Selain itu, ada tradisi lain lagi. Yakni, menjadikan istri sebagai barang warisan. Apabila seseorang meninggal dunia, maka mereka menahan istrinya untuk anak lelaki kecil di kalangan mereka. Setelah anak itu besar, ia dapat mengambil wanita itu sebagai istri.

Di antara tradisi mereka lagi ialah seorang lelaki memelihara anak wanita yatim dan mengasuhnya serta mengurusi urusannya. Tetapi, ia melarang si anak untuk kawin. Dengan harapan, apabila istrinya meninggal dunia, maka ia akan mengawini anak yatim tersebut. Atau, ia akan mengawinkannya dengan anak lelakinya yang sudah tentu karena menginginkan harta atau kecantikannya.

Inilah pandangan jahiliah terhadap wanita dalam segala hal hingga datang Islam yang memandang buruk dan terkutuk terhadap tradisi-tradisi seperti itu. Islam melarang keras tindakan mengubur hidup-hidup anak wanita dan menjadikannya sebagai salah satu tema pertanggungjawaban pada hari kiamat. Islam (al-Qur’ān) menyebutkan masalah ini dalam konteks peristiwa besar yang mengerikan dan menakutkan, yang memberi kesan seakan-akan mengubur anak wanita hidup-hidup itu sebagai salah satu peristiwa alam yang amat dahsyat ini. Al-Qur’ān mengatakan: “Sesungguhnya anak wanita yang dikubur hidup-hidup itu akan ditanya mengapa dia dikubur hidup-hidup. Maka, bagaimana halnya dengan orang yang menguburnya hidup-hidup?!”

Selamanya tidak mungkin tumbuh harga diri dan kemuliaan wanita di lingkungan jahiliah, seandainya tidak diturunkan syarī‘at dan manhaj Allah mengenai kemuliaan dan kehormatan manusia secara keseluruhan. Juga di dalam memuliakan manusia itu sendiri, baik laki-laki maupun wanita, dan menempatkannya dalam kedudukan tinggi yang sesuai dengan keberadaannya yang ditiupkan padanya ruh Allah Yang Maha Tinggi lagi Maha Luhur. Karena itu, dari sumber ini, mengedepankan kemuliaan wanita yang diberikan oleh Islam, bukan oleh unsur lingkungan manapun.

Ketika telah terwujud kelahiran manusia baru dengan menerapkan nilai-nilai dari langit bukan dari bumi, maka terwujudlah kemuliaan dan kehormatan bagi wanita. Sehingga, penilaian dan ukuran kemuliaannya sama sekali tidak dikaitkan dengan kelemahan fisik dan tugas-tugas kehidupan marerialnya, karena semua itu bukan dari langit dan tidak akan dinilai.

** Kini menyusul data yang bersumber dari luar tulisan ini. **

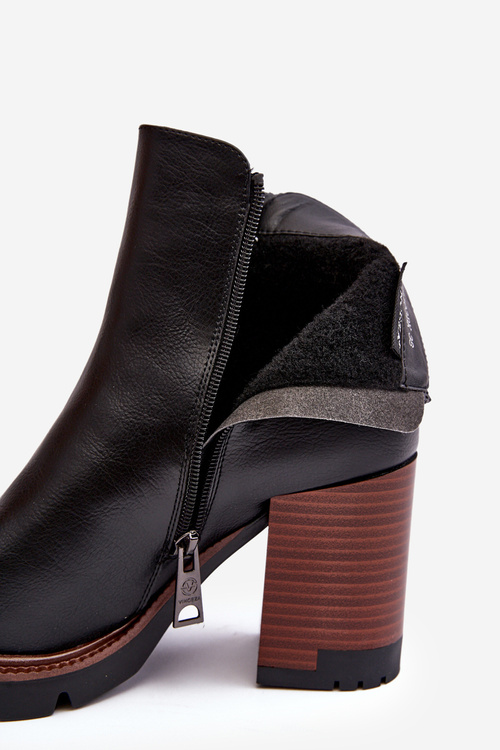 Dámské kožené botky na podpatku černé Brittney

Tetapi, timbangan dan penilaian itu hanyalah terhadap ruh manusia yang mulia dan selalu berhubungan dengan Allah. Nah, dalam hal ini samalah kedudukan laki-laki dan wanita.

Ketika telah jelas petunjuk dan indikasinya bahwa agama Islam ini datang dari Allah dan bahwa yang membawanya adalah seorang Rasūl yang telah diberi wahyu, maka pengalihan kedudukan wanita ini dipandang sebagai salah satu indikasi yang tidak keliru lagi. Karena, dalam lingkungan ketika itu sudah tidak ada satu pun pertanda yang diharapkan untuk mengantarkan wanita kepada kedudukan terhormat seperti ini. Tidak ada satu pun dorongan dan motivasi khusus dari lingkungan dan kondisi perekonomiannya, kalau tidak turun manhaj Ilahi untuk berbuat demikian terhadap wanita tanpa dorongan unsur apa pun dari bumi, yang dapat memberikan kedudukan yang baru sama sekali bagi wanita. Ya‘ni, kedudukan yang semata-mata berhubungan dengan nilai-nilai dan timbangan-timbangan langit.